L'Autorité des marchés financiers (AMF) veut changer la réglementation afin d'aider les entreprises faisant l'objet d'une offre d'achat - par exemple, Rona - à mieux se défendre.

Selon l'AMF, les conseils d'administration (C.A.) devraient considérer autre chose que seulement le prix d'une offre - par exemple, le sort des employés et l'impact économique de l'entreprise dans son milieu - afin de décider s'il est dans l'intérêt de l'entreprise de soumettre cette offre à ses actionnaires.

«Actuellement, les C.A. sont contraints à agir comme encanteurs de l'entreprise s'il y a une offre d'achat, a dit Me Louis Morisset, surintendant des marchés de valeur de l'AMF, en entrevue à La Presse Affaires. Les C.A. doivent absolument trouver une meilleure offre pour les actionnaires. Nous pensons que cette situation doit évoluer pour que les C.A. puissent véritablement jouer leur rôle de fiduciaire de l'entreprise, qu'ils tiennent compte des intérêts des actionnaires, mais aussi des autres parties engagées comme les employés et la communauté dans laquelle l'entreprise est implantée.»

Selon l'AMF, son projet de règlement sur les moyens de défense des conseils d'administration aiderait le C.A. de Rona à se défendre contre une nouvelle offre d'achat de Lowe's, qui a retiré son offre de 14,50$ l'action en septembre dernier.

«Rona est un exemple théorique [il n'y a pas eu d'offre faite directement aux actionnaires, mais plutôt au C.A.], mais c'est indéniable que notre proposition aurait donné plus de latitude au C.A. de Rona, dit Louis Morisset. Évidemment, ça dépend du prix de l'offre: à un prix largement supérieur au prix initial [14,50$], je ne suis pas sûr qu'un tribunal ne conclurait pas qu'il y ait eu abus des droits des actionnaires.»

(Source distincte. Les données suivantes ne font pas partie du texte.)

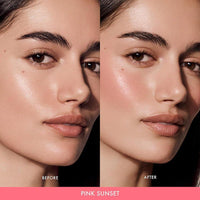 Blush Butter Bálsamo de Rubor con Skincare 4g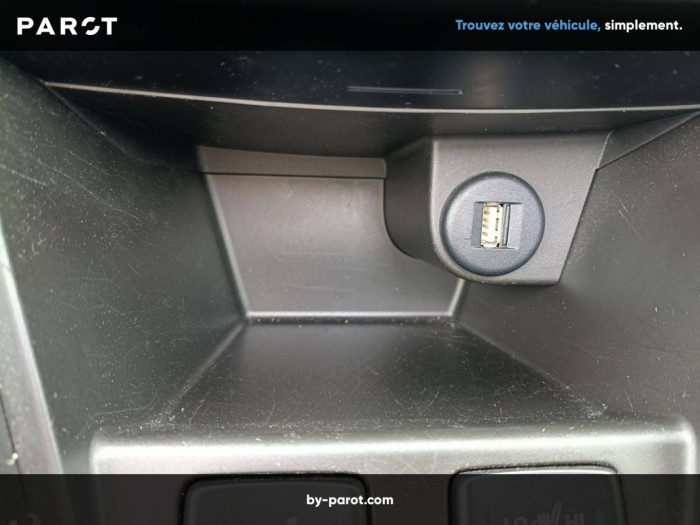Suzuki S-Cross 1.5 Dualjet Hybrid Auto Style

Selon la proposition de l'AMF, un C.A. pourrait instaurer un régime de droit lui permettant de rendre l'offre d'achat trop onéreuse pour l'offrant en multipliant le nombre d'actions et ainsi le prix d'achat (un régime de droit désigné comme une «pilule empoisonnée»). En pratique, ce régime fait en sorte que l'offrant retire son offre. Le Bureau de décision et de révision, un tribunal administratif, aurait le dernier mot sur ce que constituent des motifs valables pour instaurer une «pilule empoisonnée». «Notre proposition ne pourra pas faire qu'un C.A. pourra s'entêter à ne pas soumettre une offre à ses actionnaires», a dit Me Morisset au cours d'un symposium juridique organisé par le cabinet Fasken Martineau la semaine dernière.

Le projet de l'AMF survient au moment où les commissions provinciales des valeurs mobilières veulent modifier la réglementation pancanadienne sur les moyens de défense des C.A., une modification nécessaire en raison d'un manque de cohérence dans la jurisprudence. Les 10 organismes provinciaux se sont entendus pour donner une période de grâce de 90 jours aux C.A. (au lieu de 45 à 65 jours comme c'est le cas actuellement), mais l'AMF aimerait une réforme plus importante qui permettrait aux C.A. d'évaluer d'autres critères que le prix d'une offre d'achat.

En théorie, le gouvernement Marois pourrait modifier seul la réglementation pour le Québec, mais le règlement sur les moyens de défense des C.A. est actuellement pancanadien, et l'AMF a bon espoir de convaincre ses homologues des autres provinces. «Notre proposition vient régler le problème canadien, pas seulement québécois, de la vulnérabilité des C.A. d'entreprises en Bourse», dit Me Morisset.

L'AMF espère récolter plusieurs appuis à son projet d'ici la date limite du 12 juin pour le dépôt des commentaires. «Les entreprises en Bourse devraient voir ça d'un oeil favorable, tout comme les actionnaires à long terme comme la Caisse de dépôt», conclut Louis Morisset.